§ Exercise details
Look below for the line with "Kim Kardashian And" and the line with "A BLUE AGATE DZI BEAD.". Copy exactly those two lines and every line between, but not the pictures.

§ Provided information
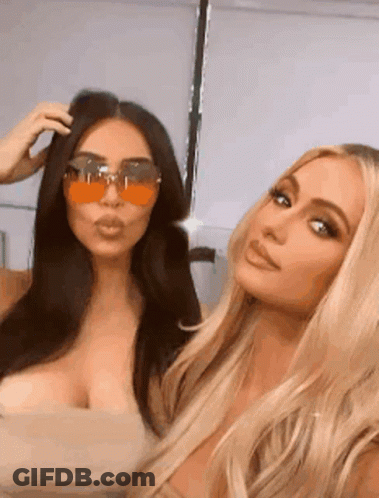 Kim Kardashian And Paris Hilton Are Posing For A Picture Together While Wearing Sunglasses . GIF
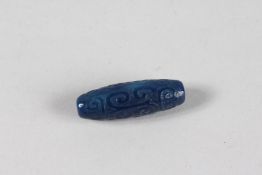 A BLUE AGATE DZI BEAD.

---

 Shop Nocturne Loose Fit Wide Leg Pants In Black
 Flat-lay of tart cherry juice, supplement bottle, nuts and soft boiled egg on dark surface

§ Output for this task
 Kim Kardashian And Paris Hilton Are Posing For A Picture Together While Wearing Sunglasses . GIF
 A BLUE AGATE DZI BEAD.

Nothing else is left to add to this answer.